§ TASK STATEMENT
All lines in the listing below that hold the string "Springs" are to be tallied, with only the total reported.
---------------
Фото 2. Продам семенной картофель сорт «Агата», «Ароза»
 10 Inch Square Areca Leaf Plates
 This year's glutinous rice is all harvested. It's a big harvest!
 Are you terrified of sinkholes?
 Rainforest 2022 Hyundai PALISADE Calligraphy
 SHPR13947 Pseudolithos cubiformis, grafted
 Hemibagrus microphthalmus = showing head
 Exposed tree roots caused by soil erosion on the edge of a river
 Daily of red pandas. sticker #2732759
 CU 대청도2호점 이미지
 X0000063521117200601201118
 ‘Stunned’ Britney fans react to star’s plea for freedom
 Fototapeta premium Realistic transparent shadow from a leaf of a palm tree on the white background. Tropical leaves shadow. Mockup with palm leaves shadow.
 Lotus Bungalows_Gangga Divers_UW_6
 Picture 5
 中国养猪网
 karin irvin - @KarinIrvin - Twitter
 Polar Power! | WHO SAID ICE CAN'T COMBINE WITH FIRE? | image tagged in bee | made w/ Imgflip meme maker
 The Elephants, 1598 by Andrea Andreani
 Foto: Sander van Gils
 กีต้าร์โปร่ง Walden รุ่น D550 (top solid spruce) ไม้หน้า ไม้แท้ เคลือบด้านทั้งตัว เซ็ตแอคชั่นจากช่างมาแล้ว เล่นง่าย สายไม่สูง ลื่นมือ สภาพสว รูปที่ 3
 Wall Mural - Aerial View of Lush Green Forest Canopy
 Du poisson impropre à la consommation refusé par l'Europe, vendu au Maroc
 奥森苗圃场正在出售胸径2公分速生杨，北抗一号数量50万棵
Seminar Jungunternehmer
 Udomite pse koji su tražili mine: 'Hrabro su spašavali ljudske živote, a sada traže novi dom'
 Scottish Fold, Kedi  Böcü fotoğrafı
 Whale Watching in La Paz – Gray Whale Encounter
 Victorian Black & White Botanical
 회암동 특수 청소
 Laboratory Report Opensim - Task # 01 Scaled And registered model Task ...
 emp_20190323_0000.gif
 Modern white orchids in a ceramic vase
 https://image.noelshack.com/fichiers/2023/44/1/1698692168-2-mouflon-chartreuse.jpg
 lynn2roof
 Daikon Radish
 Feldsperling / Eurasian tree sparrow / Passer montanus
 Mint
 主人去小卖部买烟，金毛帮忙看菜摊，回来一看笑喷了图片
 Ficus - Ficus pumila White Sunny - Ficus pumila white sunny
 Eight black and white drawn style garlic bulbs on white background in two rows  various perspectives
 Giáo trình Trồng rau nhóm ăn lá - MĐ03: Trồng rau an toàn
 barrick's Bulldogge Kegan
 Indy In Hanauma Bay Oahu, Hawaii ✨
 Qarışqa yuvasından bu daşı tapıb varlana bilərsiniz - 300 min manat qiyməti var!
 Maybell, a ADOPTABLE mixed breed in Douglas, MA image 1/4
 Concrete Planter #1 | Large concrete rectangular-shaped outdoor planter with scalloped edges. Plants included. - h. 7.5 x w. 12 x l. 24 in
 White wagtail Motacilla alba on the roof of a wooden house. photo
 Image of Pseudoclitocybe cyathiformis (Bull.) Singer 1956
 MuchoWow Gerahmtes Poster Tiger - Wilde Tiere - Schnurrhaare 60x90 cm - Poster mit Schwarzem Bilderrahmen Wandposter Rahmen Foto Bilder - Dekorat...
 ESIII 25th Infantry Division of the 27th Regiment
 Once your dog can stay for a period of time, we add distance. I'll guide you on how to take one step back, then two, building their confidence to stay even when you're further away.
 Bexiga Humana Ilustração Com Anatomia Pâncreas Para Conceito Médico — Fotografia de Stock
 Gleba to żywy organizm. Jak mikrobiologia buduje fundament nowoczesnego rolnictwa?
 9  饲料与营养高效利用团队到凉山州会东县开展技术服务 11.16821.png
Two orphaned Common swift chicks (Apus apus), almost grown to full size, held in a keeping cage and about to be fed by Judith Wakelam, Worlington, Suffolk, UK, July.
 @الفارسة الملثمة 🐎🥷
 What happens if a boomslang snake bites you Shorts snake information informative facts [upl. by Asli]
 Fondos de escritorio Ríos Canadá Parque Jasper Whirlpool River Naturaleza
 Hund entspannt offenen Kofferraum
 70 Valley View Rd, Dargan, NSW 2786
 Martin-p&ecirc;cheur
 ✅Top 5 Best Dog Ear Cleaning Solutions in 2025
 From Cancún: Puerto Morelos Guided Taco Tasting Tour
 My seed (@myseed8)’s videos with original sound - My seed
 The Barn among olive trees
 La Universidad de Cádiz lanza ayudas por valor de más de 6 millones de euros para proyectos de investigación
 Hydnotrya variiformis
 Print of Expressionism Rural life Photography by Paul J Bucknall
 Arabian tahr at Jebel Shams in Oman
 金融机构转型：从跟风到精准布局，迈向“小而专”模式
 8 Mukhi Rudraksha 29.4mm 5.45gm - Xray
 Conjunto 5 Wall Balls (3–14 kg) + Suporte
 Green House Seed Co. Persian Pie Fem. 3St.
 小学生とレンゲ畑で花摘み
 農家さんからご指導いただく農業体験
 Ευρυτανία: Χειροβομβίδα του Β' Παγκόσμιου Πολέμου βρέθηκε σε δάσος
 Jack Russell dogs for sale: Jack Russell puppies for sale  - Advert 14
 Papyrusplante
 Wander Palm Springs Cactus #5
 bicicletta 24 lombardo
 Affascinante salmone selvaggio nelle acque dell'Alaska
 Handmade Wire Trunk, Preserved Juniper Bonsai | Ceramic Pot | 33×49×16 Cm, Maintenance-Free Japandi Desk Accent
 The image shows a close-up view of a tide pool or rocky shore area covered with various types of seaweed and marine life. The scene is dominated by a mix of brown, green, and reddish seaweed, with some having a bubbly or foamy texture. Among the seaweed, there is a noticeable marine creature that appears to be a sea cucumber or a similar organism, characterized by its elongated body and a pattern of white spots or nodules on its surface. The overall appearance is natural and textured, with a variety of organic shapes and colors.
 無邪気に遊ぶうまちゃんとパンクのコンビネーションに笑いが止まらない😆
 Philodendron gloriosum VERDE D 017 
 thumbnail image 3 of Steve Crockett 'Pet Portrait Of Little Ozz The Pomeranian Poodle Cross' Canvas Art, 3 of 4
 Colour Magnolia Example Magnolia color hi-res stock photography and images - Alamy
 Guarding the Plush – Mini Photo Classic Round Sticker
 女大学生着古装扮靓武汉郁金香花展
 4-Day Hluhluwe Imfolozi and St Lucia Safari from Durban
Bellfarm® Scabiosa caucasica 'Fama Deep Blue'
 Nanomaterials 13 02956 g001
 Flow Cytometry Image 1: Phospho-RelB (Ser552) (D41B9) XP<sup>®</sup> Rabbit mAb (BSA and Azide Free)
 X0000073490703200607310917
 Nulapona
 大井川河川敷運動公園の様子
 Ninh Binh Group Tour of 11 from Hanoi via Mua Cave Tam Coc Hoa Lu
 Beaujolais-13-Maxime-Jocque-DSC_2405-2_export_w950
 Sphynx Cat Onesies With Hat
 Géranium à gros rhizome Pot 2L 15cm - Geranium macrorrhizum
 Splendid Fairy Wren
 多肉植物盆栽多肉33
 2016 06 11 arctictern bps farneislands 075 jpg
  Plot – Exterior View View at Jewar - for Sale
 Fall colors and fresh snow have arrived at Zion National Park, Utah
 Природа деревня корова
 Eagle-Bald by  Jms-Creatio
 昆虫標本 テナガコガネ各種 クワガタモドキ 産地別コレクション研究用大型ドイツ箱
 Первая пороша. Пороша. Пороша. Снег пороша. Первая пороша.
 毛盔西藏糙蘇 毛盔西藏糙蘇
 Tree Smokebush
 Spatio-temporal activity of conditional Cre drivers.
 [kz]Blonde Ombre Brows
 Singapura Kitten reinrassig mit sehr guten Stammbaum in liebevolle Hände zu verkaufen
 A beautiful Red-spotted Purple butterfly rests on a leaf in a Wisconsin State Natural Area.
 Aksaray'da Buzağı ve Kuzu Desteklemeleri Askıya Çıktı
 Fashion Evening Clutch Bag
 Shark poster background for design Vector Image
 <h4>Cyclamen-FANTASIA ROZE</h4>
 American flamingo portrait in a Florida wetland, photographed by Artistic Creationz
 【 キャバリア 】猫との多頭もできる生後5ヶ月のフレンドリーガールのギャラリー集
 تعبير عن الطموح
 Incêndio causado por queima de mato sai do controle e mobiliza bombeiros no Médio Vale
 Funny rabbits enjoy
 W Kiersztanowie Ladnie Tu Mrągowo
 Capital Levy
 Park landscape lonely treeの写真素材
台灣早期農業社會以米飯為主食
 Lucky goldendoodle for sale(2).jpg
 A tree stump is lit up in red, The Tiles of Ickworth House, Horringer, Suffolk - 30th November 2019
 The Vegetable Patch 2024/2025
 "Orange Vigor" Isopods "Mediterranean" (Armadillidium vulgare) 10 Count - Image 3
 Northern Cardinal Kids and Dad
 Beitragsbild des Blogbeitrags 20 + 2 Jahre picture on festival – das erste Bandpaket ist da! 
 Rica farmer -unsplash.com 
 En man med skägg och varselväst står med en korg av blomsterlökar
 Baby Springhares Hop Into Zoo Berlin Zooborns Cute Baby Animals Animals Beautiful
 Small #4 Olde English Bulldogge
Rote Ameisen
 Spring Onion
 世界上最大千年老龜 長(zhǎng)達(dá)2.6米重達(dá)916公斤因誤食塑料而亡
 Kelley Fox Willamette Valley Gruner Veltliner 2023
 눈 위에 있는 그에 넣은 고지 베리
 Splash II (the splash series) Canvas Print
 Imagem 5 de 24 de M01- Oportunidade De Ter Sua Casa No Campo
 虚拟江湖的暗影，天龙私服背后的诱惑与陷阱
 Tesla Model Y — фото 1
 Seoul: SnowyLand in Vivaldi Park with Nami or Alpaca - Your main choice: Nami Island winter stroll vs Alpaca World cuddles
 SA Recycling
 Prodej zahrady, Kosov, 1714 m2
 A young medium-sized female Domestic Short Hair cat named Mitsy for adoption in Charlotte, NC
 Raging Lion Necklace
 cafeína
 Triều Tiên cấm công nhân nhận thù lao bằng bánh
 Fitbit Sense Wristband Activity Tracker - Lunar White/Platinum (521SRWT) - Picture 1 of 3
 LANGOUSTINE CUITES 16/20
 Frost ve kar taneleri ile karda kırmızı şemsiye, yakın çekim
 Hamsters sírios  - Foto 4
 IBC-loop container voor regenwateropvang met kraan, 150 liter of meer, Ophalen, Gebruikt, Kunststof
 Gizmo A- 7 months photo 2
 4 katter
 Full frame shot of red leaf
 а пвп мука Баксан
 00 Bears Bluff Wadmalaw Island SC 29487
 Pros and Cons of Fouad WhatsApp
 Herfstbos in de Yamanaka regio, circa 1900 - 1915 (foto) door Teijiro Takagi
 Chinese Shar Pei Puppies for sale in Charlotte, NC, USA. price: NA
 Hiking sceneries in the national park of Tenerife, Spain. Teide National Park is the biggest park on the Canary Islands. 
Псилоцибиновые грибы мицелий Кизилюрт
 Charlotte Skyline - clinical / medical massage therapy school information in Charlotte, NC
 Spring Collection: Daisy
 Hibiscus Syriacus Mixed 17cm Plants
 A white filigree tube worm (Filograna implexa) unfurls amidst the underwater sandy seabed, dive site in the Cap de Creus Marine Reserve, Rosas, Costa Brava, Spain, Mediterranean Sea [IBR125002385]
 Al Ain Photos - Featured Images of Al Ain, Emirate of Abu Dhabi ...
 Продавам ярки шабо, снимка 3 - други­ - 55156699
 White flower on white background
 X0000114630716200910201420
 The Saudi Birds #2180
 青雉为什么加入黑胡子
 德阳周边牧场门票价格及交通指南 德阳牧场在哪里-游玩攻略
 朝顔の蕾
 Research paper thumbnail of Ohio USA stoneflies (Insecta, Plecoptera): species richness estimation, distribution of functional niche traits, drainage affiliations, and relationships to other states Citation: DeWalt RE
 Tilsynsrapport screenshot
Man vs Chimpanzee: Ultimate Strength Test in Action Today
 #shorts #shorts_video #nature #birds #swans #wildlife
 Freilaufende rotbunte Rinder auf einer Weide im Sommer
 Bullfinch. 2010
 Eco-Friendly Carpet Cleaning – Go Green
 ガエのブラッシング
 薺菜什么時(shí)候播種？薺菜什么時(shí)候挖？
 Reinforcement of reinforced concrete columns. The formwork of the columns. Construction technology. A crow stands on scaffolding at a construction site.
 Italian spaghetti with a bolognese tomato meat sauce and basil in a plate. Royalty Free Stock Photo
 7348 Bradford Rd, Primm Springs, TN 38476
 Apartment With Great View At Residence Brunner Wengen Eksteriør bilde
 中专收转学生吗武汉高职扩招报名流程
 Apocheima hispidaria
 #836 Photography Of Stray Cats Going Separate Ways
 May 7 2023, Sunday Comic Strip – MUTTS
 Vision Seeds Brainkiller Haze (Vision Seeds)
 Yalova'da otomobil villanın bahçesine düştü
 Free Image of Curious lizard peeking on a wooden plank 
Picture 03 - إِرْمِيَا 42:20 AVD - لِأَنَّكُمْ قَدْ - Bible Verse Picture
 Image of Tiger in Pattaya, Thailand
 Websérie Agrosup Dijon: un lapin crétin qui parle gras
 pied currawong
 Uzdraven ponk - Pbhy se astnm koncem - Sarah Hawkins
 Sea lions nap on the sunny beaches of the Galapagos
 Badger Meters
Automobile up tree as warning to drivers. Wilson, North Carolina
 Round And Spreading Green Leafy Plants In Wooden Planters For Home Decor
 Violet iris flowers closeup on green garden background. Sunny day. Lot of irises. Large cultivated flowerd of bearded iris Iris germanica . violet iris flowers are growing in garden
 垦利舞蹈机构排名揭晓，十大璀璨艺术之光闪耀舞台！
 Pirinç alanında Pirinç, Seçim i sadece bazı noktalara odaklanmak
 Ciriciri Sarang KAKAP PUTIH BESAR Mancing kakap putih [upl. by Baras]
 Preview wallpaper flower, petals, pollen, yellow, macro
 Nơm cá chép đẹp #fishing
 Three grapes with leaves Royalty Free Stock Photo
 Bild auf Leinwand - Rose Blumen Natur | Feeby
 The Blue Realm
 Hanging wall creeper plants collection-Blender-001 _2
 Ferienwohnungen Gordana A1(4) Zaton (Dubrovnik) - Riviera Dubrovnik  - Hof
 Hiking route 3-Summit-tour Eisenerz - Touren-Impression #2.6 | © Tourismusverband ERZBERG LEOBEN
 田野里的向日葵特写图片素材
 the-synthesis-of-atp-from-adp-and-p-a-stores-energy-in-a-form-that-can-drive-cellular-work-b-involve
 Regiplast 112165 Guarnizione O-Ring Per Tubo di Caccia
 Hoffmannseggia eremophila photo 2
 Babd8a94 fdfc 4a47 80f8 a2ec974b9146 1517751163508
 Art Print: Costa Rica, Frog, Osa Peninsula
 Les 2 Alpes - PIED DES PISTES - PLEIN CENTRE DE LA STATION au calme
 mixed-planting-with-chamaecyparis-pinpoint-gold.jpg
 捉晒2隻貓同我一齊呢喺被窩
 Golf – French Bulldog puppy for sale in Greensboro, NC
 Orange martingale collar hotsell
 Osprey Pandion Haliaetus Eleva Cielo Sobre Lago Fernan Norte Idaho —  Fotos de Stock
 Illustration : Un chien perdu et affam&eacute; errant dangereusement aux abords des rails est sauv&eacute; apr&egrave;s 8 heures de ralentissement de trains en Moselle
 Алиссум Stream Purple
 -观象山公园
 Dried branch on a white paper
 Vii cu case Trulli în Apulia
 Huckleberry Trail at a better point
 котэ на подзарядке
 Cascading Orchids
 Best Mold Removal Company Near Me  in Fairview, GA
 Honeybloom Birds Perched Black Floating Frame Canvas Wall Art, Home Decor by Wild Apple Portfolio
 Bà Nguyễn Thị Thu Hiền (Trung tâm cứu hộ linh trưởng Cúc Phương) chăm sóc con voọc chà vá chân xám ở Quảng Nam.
---------------
§ COMPLETED EXERCISE
2